▸ **TASK DETAILS**: Every line in the data below from the one containing "Encordado D'Addario Classic Nylon EJ27H" down to the one containing "TT BB WHITE TEE|S|M|L|XL|XXL", both included, must be retyped exactly; no other line is to appear.

▸ **RECORDS FOR THE TASK**:

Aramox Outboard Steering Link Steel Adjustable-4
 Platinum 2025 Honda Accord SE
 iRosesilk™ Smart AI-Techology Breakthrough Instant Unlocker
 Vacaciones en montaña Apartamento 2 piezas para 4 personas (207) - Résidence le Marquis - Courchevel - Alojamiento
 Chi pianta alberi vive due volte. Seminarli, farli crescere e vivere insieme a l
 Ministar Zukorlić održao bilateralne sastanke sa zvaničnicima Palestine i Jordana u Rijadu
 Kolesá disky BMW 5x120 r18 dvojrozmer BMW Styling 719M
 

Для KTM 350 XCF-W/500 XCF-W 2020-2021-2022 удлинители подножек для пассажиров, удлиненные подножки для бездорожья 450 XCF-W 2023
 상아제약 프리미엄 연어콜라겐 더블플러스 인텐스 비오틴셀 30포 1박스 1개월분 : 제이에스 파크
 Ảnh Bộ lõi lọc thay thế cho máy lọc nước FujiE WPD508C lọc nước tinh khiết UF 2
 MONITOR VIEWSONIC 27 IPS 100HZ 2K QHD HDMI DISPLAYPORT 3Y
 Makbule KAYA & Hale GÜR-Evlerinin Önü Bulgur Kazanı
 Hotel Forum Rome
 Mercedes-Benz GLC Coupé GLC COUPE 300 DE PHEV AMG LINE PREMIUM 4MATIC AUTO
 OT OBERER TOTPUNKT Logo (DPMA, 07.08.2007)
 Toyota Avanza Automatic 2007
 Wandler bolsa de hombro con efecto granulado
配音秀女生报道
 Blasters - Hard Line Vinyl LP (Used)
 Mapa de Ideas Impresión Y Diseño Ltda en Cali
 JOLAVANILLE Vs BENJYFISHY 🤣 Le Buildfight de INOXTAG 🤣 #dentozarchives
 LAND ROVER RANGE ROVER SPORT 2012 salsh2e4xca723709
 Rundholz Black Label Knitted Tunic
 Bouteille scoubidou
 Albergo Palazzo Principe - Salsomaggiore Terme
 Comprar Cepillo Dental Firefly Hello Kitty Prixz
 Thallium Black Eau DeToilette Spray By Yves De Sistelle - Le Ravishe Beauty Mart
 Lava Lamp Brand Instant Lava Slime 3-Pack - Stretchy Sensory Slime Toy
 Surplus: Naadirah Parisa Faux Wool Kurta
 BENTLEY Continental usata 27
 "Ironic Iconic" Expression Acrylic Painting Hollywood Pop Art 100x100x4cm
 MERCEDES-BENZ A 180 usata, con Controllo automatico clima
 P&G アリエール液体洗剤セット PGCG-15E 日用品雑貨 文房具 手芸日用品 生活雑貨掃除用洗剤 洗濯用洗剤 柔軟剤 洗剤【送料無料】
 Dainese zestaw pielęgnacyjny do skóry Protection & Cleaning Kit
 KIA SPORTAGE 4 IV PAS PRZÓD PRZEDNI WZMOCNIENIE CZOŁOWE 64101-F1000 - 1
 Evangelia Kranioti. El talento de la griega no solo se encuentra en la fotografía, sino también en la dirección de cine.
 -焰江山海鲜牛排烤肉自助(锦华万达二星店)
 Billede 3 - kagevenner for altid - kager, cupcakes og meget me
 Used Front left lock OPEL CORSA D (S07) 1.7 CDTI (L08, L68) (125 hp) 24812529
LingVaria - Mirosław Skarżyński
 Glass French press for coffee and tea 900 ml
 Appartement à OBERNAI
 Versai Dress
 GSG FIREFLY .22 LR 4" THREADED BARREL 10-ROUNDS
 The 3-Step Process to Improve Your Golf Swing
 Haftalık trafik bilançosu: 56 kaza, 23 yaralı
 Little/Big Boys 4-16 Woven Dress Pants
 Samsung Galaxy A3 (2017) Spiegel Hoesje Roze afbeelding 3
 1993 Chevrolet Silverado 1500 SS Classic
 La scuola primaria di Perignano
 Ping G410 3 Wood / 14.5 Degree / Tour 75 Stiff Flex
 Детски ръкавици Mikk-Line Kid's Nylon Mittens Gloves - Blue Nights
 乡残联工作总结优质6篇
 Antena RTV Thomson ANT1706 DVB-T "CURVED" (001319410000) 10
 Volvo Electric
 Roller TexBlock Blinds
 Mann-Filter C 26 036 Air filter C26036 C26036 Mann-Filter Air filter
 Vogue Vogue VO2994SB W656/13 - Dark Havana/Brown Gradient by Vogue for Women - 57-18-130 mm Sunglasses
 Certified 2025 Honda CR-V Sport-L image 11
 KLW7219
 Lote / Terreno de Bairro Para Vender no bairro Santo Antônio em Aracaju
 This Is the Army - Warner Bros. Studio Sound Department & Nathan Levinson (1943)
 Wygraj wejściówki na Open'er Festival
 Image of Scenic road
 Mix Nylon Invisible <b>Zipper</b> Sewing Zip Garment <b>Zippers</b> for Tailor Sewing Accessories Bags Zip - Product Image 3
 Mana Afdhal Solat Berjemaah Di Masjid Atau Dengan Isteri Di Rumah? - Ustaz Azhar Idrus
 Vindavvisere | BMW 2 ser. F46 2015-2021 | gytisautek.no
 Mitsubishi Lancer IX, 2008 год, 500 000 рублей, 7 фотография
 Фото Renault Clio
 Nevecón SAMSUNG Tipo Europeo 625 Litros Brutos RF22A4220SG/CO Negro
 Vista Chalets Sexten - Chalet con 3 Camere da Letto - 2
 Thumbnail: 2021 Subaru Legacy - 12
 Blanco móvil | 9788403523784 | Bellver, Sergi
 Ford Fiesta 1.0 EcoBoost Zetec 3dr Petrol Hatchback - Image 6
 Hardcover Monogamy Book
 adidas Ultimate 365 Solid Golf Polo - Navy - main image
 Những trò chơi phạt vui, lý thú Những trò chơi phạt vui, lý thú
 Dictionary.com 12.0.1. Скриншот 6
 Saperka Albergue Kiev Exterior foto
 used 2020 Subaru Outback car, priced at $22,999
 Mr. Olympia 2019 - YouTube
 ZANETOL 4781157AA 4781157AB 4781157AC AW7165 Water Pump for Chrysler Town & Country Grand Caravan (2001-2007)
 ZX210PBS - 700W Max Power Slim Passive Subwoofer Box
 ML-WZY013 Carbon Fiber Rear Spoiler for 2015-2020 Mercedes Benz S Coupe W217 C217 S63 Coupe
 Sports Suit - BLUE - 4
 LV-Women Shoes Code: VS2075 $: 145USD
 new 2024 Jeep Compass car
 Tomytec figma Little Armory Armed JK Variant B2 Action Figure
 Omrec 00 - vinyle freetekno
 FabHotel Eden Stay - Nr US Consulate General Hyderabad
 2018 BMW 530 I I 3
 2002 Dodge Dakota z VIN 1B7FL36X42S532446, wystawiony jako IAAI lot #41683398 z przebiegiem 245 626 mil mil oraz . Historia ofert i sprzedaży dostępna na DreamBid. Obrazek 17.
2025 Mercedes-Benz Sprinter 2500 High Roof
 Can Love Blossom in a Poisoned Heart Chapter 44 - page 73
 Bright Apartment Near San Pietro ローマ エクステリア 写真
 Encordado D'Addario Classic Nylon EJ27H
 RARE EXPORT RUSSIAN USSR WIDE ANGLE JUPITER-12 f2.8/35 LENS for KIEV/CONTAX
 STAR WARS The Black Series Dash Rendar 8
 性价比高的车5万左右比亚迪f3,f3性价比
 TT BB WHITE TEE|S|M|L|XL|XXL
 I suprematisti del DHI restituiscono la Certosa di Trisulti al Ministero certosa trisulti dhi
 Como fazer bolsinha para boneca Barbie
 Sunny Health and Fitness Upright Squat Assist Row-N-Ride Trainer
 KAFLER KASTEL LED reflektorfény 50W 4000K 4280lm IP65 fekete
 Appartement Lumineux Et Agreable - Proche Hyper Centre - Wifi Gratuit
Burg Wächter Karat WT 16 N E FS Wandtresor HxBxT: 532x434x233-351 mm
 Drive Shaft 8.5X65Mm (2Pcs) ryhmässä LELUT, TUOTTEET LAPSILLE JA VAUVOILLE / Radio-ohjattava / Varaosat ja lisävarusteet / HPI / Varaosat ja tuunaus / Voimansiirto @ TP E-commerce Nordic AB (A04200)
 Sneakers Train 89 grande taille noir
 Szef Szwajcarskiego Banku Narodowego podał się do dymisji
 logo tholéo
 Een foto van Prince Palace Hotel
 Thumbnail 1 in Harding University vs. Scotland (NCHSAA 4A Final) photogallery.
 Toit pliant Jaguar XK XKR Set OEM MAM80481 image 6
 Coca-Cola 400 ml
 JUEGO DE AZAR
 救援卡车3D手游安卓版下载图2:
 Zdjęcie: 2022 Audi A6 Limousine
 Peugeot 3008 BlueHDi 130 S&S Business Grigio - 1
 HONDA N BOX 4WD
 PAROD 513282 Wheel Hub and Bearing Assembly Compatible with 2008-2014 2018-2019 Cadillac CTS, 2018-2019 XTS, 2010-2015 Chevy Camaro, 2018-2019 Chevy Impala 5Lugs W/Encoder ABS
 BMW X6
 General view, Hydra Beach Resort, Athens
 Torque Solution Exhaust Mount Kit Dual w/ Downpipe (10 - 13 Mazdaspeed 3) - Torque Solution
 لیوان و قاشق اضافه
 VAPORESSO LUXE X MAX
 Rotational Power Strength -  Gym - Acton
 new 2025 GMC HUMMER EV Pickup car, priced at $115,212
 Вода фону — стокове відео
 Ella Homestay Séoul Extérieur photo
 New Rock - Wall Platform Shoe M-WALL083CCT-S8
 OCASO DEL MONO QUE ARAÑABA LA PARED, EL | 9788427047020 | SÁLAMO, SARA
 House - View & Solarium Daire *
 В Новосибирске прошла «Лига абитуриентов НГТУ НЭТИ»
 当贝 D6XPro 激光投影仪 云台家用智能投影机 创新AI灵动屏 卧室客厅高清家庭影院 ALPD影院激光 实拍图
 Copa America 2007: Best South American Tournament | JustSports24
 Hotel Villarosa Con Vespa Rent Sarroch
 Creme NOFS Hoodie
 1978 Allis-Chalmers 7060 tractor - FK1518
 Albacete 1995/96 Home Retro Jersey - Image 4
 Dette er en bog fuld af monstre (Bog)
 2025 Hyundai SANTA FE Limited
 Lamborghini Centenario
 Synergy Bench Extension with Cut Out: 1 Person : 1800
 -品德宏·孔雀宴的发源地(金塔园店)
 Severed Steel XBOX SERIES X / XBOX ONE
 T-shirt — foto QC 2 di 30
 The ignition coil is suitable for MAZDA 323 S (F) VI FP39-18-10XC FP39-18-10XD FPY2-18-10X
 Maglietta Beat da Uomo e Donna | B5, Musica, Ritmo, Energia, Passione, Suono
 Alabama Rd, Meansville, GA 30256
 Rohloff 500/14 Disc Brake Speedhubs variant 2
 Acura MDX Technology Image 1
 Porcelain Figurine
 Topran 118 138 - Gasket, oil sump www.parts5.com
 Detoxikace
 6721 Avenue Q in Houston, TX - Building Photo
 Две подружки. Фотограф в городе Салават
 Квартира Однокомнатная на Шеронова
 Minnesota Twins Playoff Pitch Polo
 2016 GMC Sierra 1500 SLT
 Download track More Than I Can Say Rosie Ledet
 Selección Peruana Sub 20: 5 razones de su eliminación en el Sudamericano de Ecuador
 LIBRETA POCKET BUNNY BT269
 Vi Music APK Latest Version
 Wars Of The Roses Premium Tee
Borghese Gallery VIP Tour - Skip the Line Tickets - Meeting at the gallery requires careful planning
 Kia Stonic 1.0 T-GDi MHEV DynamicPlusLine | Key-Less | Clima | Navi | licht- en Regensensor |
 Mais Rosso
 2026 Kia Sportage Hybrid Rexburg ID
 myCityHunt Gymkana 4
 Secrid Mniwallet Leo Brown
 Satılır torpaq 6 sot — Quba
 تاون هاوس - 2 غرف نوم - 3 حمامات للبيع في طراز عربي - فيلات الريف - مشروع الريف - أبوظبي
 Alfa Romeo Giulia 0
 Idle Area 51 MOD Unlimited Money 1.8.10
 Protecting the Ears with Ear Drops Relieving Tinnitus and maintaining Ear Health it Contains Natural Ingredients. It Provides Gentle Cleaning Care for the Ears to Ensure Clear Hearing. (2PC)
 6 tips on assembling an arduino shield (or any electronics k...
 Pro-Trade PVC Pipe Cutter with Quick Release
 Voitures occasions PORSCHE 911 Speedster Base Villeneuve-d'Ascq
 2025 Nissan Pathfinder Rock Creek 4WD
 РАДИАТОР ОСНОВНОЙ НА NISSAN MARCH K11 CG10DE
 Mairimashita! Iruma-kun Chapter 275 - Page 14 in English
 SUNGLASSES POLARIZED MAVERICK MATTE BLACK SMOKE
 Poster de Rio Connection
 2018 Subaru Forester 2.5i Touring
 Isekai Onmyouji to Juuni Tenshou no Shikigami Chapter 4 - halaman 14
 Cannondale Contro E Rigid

▸ **WRITTEN REPLY**:
 Encordado D'Addario Classic Nylon EJ27H
 RARE EXPORT RUSSIAN USSR WIDE ANGLE JUPITER-12 f2.8/35 LENS for KIEV/CONTAX
 STAR WARS The Black Series Dash Rendar 8
 性价比高的车5万左右比亚迪f3,f3性价比
 TT BB WHITE TEE|S|M|L|XL|XXL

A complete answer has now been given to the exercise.